From the records below, please repeat exactly the line that has "Ahmet Yıldız Davasına", the line that has "Eladó családi ház, Balatonkenesén", and every line between them, and nothing else.
[Opening Given records section]
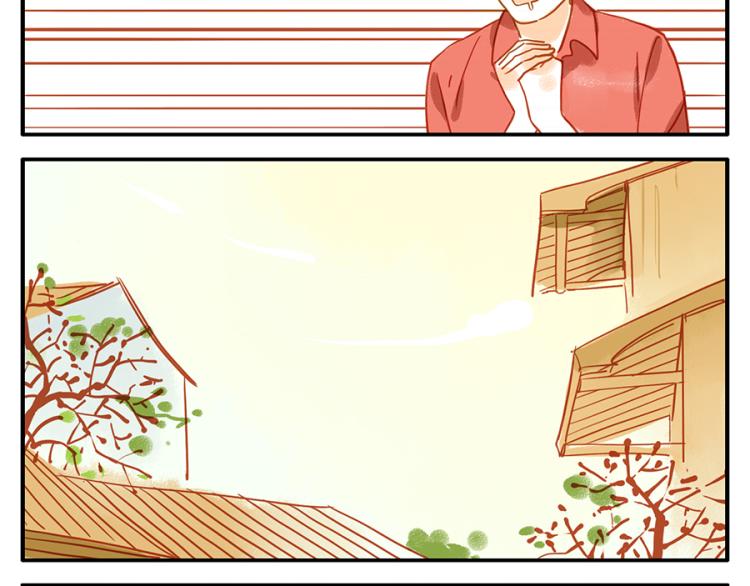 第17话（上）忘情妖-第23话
[Closing Given records section]
[Opening Given records section]
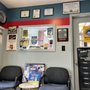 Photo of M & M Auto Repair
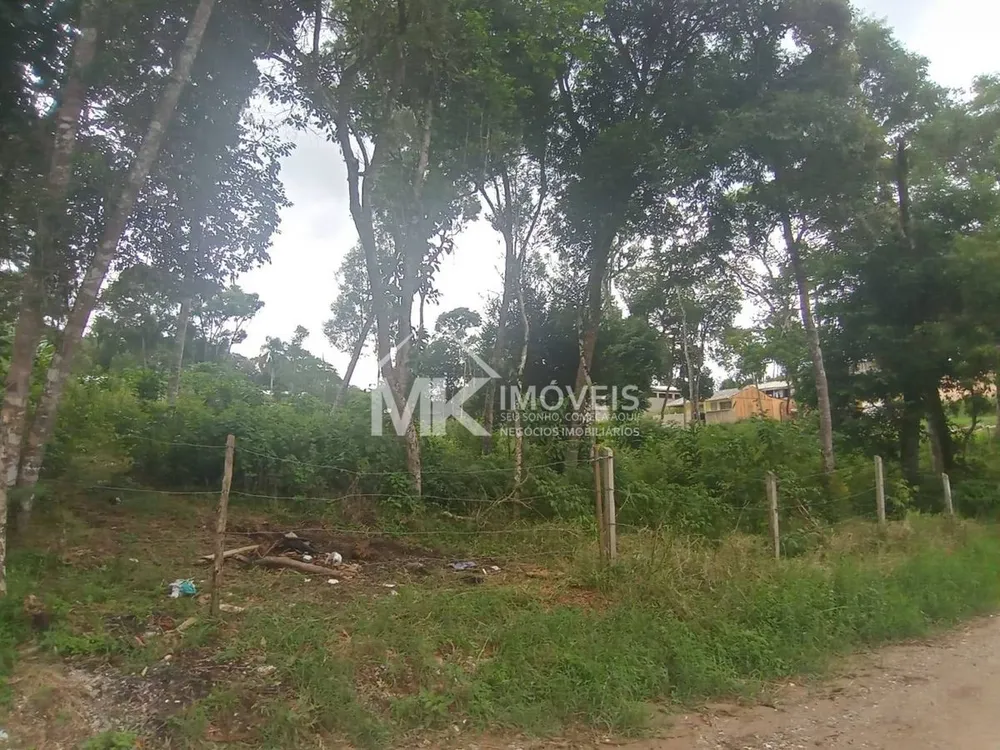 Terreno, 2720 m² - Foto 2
[Closing Given records section]
[Opening Given records section]
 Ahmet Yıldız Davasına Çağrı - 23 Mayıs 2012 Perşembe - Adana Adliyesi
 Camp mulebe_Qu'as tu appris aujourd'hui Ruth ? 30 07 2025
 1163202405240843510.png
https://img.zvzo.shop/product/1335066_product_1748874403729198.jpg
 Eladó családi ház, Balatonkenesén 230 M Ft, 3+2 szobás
[Closing Given records section]
**Completed exercise:**
 Ahmet Yıldız Davasına Çağrı - 23 Mayıs 2012 Perşembe - Adana Adliyesi
 Camp mulebe_Qu'as tu appris aujourd'hui Ruth ? 30 07 2025
 1163202405240843510.png
https://img.zvzo.shop/product/1335066_product_1748874403729198.jpg
 Eladó családi ház, Balatonkenesén 230 M Ft, 3+2 szobás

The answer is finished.